II. Converging technologies: from biology to technology and vice versa.
III. Philosophies of the human in question: anthropology.
- The lesson will be held by an invited guest, with a particular expertise in the field of activity.
Week 2
I. Philosophical approaches to the ethics of emerging technologies
II. Public regulation of emerging technologies between morality and law.
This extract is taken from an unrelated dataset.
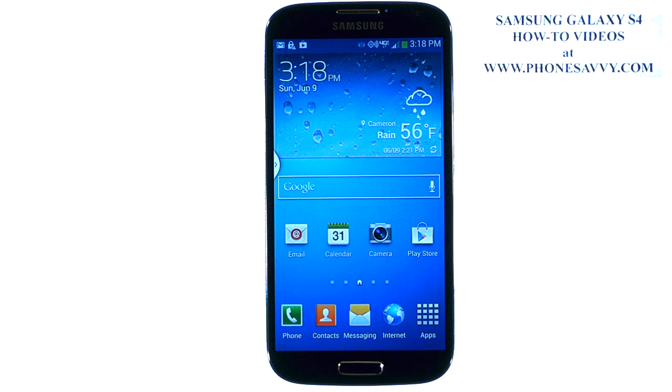The Samsung Galaxy S4 is easy to learn at PhoneSavvy.com. To add a signature to each of your text messages that you send,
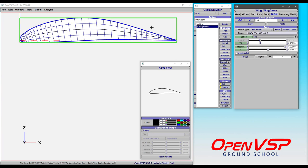Notice that back here, the trailing edge, that sharp cusp has been eliminated. So it thickens it up back there. But by definition, a 6A airfoil does that at 80% of the chord. It must be linear from that point back to the trailing edge.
The role of ethics committees in the production of law.
III. Science and law: the paradigm of co-production.
Week 3
I. Biotechnology: where do we stand?
II. Reproductive biotechnology and gender studies.
- The lesson will be held by an invited guest, with a particular expertise in the field of activity.
Week 4
I. Moral bioenhancement.
II. Students will be invited to view a documentary on the subject.
- Divided into groups, after a brief discussion they will be invited to discuss the themes of the documentary.
Week 5
I. Overview of the technological evolution of intelligent machines.
The change of perspective in the definition of AI (machine learning and deep learning).
II. Artificial intelligence between principles and rules: the EU regulation (Trustworthy AI).
- The lesson will be held by an invited guest, with a particular expertise in the field of activity.
Week 6
I. AI challenges to law and ethics: Predictive justice and predictive policing.
- In-class group discussion on leading cases
II. AI challenges to law and ethics: Public administration 2.0
- The lesson will be held by a professional expert in the field of activity indicated, who will propose to the students activities of discussion and comparison
Week 7
I. AI challenges to law and ethics: Self driving Car
- In-class group discussion on paradigmatic cases
II. AI challenges to law and ethics: Robotic medicine
- In-class group discussion on paradigmatic cases
Week 8
I. Preliminary hints on neuroscience (historical genesis; design and intentions; how the human brain works; brain scanning techniques Neuroscience and philosophical anthropology
II. Neuroscience and law: forensic neuroscience; criminal neuroscience; regulatory neuroscience.
Week 9
I. Neuroscientific evidence: court cases
- Students, divided into groups will be asked to study a case, take a position and defend it in cross-examination with the opposing group.
II. The lie detector: the emergence of cognitive freedom
- Students, divided into groups will be asked to study a case, take a stand and defend it in cross-examination with the opposite group.
Week 10
I. Neuroscience, free will and imputability
- In-class group discussion of paradigmatic cases
II. Neuroscience and social dangerousness
- In-class group discussion on paradigmatic cases
Week 11
I. From machine judge to emotional judge
II. Behavioural economics and public regulation. The case of the nudge
- The lesson will be held by a lecturer expert in the field of activity indicated, who will propose to the students activities of discussion and comparison
Week 12
Presentation of Group’s works
- The students will be invited to pick a topic in the previous week, do some research about it and present a paper, which will be peer-reviewed during the last two classes.